I approach carbon reductions in offsets as a dynamic, two-way relationship of mutual influence and adjustment between social systems and material nature (Bäckstrand and Lövbrand 2006; Bakker and Bridge 2006; Boyd, Prudham and Schurman 2001; Castree 2003b, 2005:155, 160; FitzSimmons 1989; Goodman 2001). The material and discursive aspects of carbon commodification are interwoven (Bridge and Smith 2003), thus this analysis aims to show how dialectical socionatural relations influence offsets in the evolution of the new carbon economy more generally (Baldwin 2009; Boykoff et al 2009; Braun and Castree 1998; Bumpus and Liverman 2008; Escobar 1996; Lohmann 2006; Oels 2005; Redclift 2009). As others have shown, the significance of the biophysical world in nature-based industries has to be balanced with embracing aspects of nature’s social production (Boyd, Prudham and Schurman 2001; Castree 1995; Goodman 2001; Le Billon 2001; Prudham 2003): capital metabolises nature into exchangeable values affecting spaces, environments and social relations across place and scale (Blaikie and Brookfield 1987; Bryant and Bailey 1997; Bryant and Goodman 2004; Sneddon 2007; Swyngedouw 1999). Others have shown how the biophysical properties of the non-human world also often resist these processes of commodification (Bakker 2005); firms must adapt given the technologies available, their ability to mobilise resources and local socio-ecological relations that allow nature’s articulation within capitalist processes (Bakker 2003; Castree 2008b:145).
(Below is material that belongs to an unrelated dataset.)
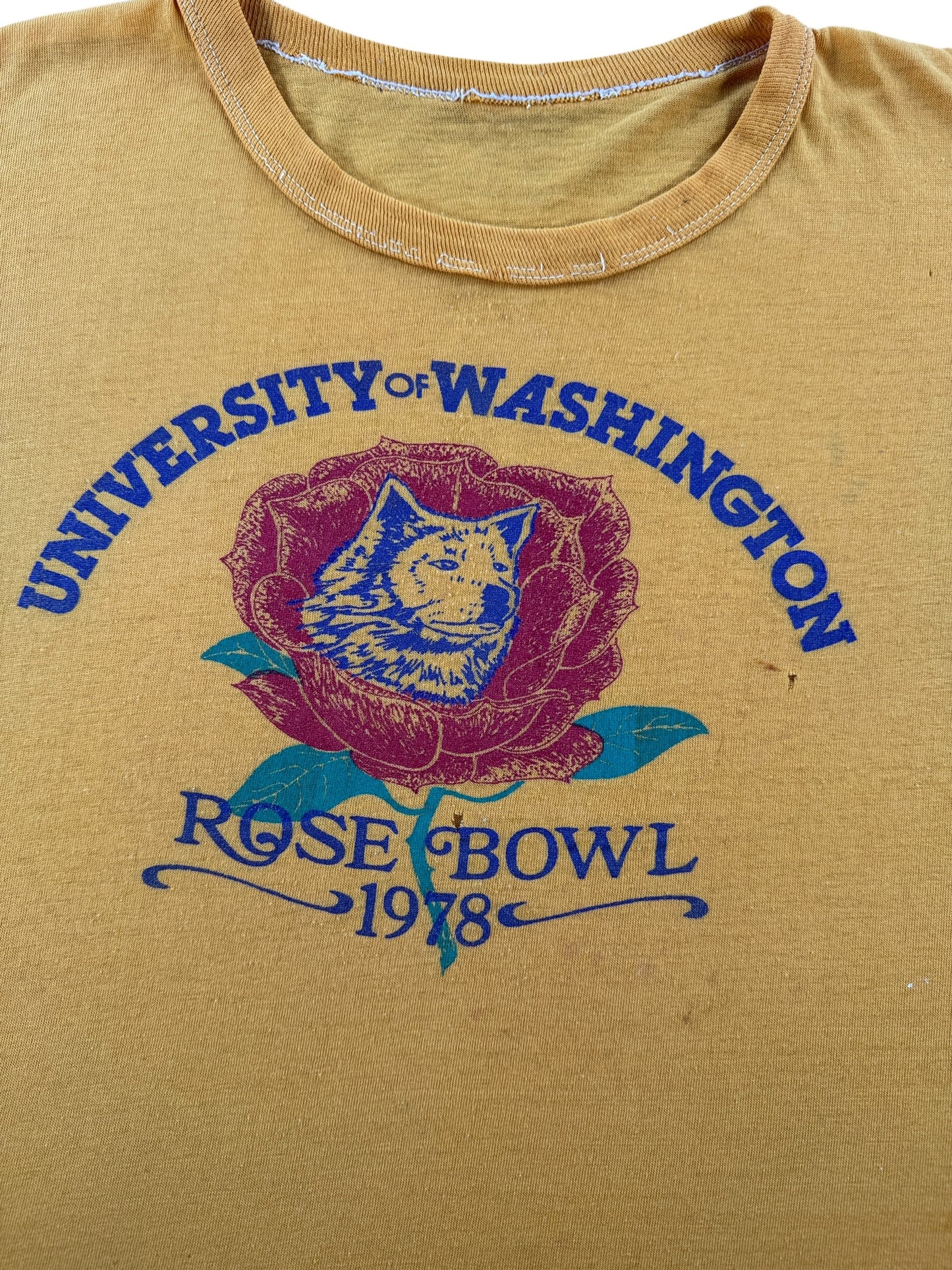 Graphic of Vintage Thrashed UW Rose Bowl 1978 Tee SZ L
In carbon offsets, broader regulatory systems, governing mechanisms, institutions and “tactics” are all present to manage the conflicts and contradictions in the commodification of carbon (Bakker 2009; Callon 2009; Lohmann 2009; Lovell and Liverman 2010:3; MacKenzie 2009).

I focus here on the calculability of tCO2e through an examination of the major material dimensions of offset technology deployment (Le Billon 2001), its specific local social relations, and the role of tools to govern reductions through carbon standards (Lohmann 2009; MacKenzie 2009). The analysis concerns the material interaction of the different technology types with local socionatural conditions and the calculation activities for offsetting that encourage the material and discursive components of the commodification of carbon. Rather than aiming for an integration of structural Marxist approaches with post-structural accounts (cf Castree 2002), I aim to provide an account of carbon offsets that finds a more epistemological middle ground that realises the importance of complementary lenses to the problem through dialectical understanding (Sneddon 2007:170). By better understanding the material dimensions of how carbon offset technologies interact with the environment and local social relations (Lovell and Liverman 2010), we are better able to understand the linkages between the political economies and evolution of the international carbon markets, and local development implications (Bumpus 2009); important critical and practical components for the emerging carbon economy (MacKenzie 2009).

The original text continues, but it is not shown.